■ WHAT THE TASK REQUIRES ■
Among the entries below, one line contains "Kiehl's Clearly Corrective" and another contains "Used 2023 Honda Pilot EX-L image 2". Transcribe those two lines and every line between them, exactly.

(MATERIAL SUPPLIED Opens)

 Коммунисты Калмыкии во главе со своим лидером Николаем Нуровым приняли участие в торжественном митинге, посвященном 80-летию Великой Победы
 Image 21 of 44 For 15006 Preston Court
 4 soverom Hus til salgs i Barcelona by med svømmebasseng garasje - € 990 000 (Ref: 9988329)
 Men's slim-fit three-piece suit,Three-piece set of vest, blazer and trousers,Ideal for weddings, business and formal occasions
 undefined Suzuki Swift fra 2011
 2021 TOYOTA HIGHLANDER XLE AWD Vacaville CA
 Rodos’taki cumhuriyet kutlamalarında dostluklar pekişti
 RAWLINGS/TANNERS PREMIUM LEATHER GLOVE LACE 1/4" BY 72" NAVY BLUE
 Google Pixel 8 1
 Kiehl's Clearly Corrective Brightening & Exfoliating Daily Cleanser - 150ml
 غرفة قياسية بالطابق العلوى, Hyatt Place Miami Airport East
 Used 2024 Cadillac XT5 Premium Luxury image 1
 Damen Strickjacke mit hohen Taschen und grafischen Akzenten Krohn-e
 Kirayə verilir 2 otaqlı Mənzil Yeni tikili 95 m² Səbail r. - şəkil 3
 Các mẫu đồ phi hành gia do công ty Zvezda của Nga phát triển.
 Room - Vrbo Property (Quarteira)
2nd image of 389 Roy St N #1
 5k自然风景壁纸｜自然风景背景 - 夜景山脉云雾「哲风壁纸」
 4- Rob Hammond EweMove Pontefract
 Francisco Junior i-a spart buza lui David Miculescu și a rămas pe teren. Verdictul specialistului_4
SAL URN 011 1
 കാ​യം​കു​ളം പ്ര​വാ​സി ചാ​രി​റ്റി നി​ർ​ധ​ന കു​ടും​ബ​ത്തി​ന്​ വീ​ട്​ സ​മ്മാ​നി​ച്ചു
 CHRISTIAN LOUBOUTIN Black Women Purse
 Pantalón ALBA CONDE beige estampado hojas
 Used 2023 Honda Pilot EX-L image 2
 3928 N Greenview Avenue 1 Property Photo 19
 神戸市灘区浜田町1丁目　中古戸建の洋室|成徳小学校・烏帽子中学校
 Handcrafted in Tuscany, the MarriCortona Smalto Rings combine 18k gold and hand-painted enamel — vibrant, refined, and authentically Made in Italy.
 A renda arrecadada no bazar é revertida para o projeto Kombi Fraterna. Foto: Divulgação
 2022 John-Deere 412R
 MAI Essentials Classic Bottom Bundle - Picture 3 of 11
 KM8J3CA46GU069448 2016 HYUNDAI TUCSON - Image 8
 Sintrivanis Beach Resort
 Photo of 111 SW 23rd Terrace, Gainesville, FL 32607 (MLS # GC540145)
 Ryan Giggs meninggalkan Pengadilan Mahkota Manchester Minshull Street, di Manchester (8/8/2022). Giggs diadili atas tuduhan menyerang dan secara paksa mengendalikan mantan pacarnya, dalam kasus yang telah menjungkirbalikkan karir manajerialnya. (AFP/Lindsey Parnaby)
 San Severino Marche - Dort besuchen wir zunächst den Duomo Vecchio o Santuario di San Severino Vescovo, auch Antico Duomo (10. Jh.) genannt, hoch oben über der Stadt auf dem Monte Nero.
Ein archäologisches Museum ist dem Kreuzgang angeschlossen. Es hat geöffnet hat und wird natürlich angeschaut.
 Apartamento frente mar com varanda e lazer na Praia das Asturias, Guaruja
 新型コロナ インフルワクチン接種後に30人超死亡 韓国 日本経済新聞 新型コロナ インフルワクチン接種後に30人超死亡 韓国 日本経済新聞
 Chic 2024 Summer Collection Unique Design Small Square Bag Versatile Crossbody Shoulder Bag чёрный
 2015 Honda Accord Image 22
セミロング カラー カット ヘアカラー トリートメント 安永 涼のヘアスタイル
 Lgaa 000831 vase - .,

(MATERIAL SUPPLIED Closes)

■ ANSWER SPACE ■
 Kiehl's Clearly Corrective Brightening & Exfoliating Daily Cleanser - 150ml
 غرفة قياسية بالطابق العلوى, Hyatt Place Miami Airport East
 Used 2024 Cadillac XT5 Premium Luxury image 1
 Damen Strickjacke mit hohen Taschen und grafischen Akzenten Krohn-e
 Kirayə verilir 2 otaqlı Mənzil Yeni tikili 95 m² Səbail r. - şəkil 3
 Các mẫu đồ phi hành gia do công ty Zvezda của Nga phát triển.
 Room - Vrbo Property (Quarteira)
2nd image of 389 Roy St N #1
 5k自然风景壁纸｜自然风景背景 - 夜景山脉云雾「哲风壁纸」
 4- Rob Hammond EweMove Pontefract
 Francisco Junior i-a spart buza lui David Miculescu și a rămas pe teren. Verdictul specialistului_4
SAL URN 011 1
 കാ​യം​കു​ളം പ്ര​വാ​സി ചാ​രി​റ്റി നി​ർ​ധ​ന കു​ടും​ബ​ത്തി​ന്​ വീ​ട്​ സ​മ്മാ​നി​ച്ചു
 CHRISTIAN LOUBOUTIN Black Women Purse
 Pantalón ALBA CONDE beige estampado hojas
 Used 2023 Honda Pilot EX-L image 2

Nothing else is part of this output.